▶ _Record extracts_:
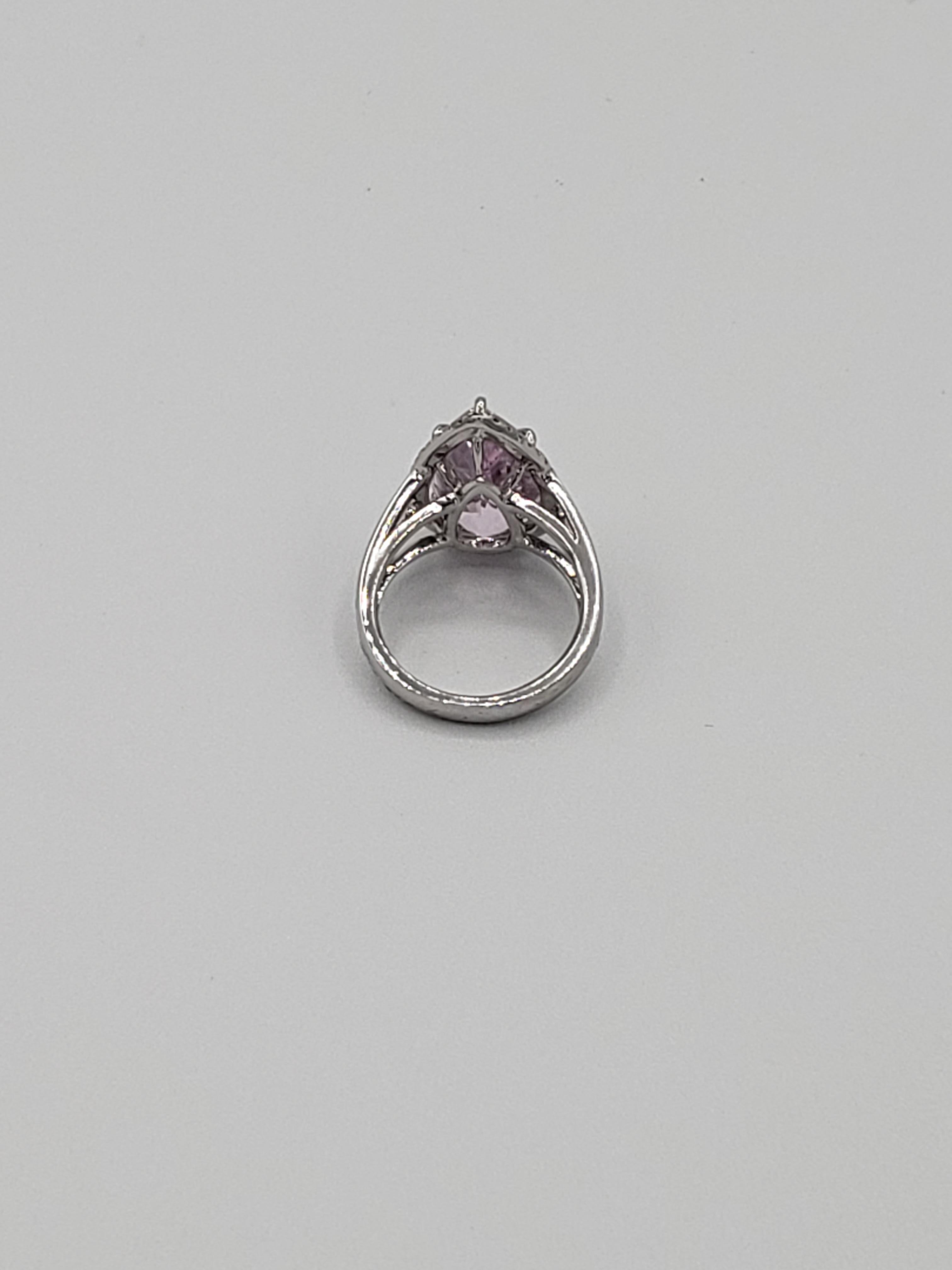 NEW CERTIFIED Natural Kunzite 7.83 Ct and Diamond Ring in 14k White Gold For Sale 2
---
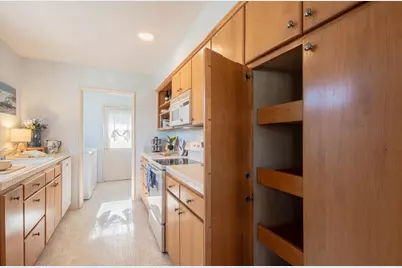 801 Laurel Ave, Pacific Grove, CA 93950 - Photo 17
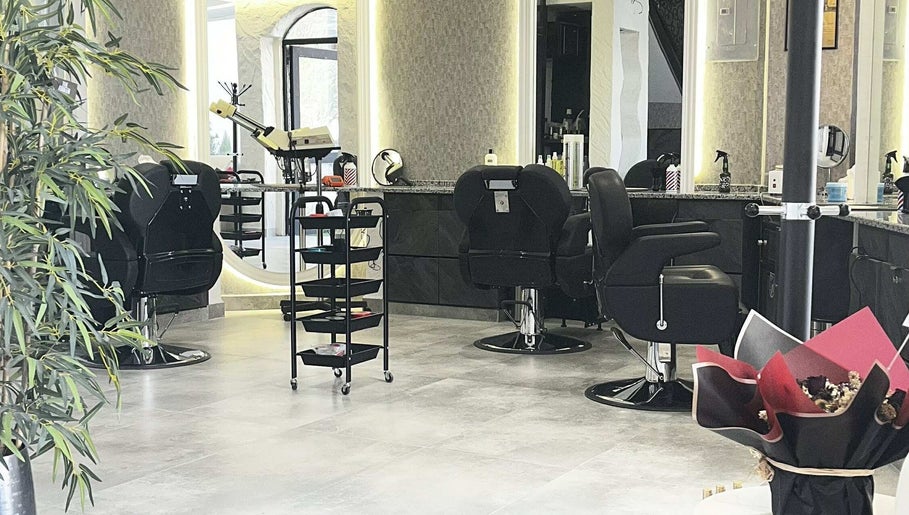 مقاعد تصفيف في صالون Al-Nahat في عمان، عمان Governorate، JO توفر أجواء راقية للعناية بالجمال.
==
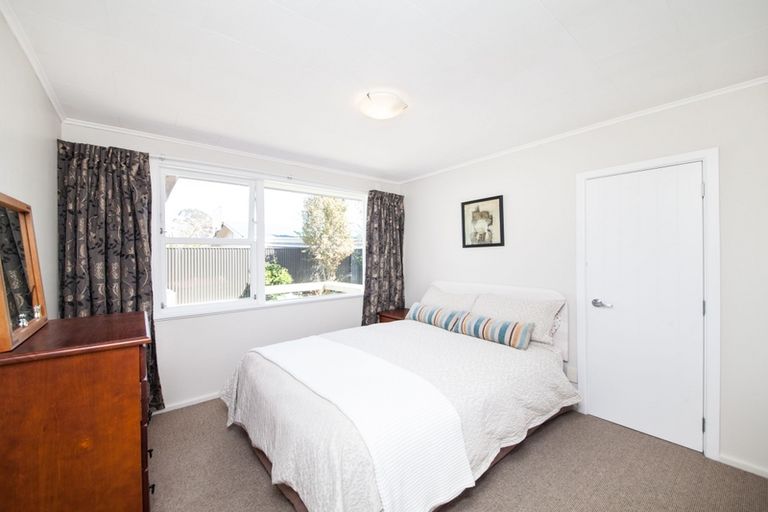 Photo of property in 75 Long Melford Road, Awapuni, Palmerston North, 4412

▶ _Required work_:
When you reach the line with "801 Laurel Ave, Pacific" in the records above, begin repeating the lines exactly, and stop after the line with "مقاعد تصفيف في". Skip all pictures.

▶ _Solution_:
 801 Laurel Ave, Pacific Grove, CA 93950 - Photo 17
 مقاعد تصفيف في صالون Al-Nahat في عمان، عمان Governorate، JO توفر أجواء راقية للعناية بالجمال.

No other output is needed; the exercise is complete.